• Exercise goal: An exact copy of the lines from the one containing "Statuetka na 49." through the last line below is required; include both of those lines and no others.

*** Data section ***

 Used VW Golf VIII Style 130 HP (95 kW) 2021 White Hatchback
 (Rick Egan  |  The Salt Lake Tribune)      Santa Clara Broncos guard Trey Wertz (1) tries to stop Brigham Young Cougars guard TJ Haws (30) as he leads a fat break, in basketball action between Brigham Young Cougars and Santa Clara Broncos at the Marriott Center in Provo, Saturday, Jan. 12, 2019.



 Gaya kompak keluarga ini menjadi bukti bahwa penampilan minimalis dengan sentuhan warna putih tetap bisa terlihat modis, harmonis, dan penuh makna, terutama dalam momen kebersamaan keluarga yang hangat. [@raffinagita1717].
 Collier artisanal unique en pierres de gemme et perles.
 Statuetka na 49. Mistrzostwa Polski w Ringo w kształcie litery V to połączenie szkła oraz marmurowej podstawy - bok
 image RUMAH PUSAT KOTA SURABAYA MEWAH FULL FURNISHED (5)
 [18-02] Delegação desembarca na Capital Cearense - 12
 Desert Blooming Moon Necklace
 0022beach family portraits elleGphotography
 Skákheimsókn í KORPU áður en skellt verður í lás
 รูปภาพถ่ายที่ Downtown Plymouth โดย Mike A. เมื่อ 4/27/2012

*** End of Data section ***

• Task solution:
 Statuetka na 49. Mistrzostwa Polski w Ringo w kształcie litery V to połączenie szkła oraz marmurowej podstawy - bok
 image RUMAH PUSAT KOTA SURABAYA MEWAH FULL FURNISHED (5)
 [18-02] Delegação desembarca na Capital Cearense - 12
 Desert Blooming Moon Necklace
 0022beach family portraits elleGphotography
 Skákheimsókn í KORPU áður en skellt verður í lás
 รูปภาพถ่ายที่ Downtown Plymouth โดย Mike A. เมื่อ 4/27/2012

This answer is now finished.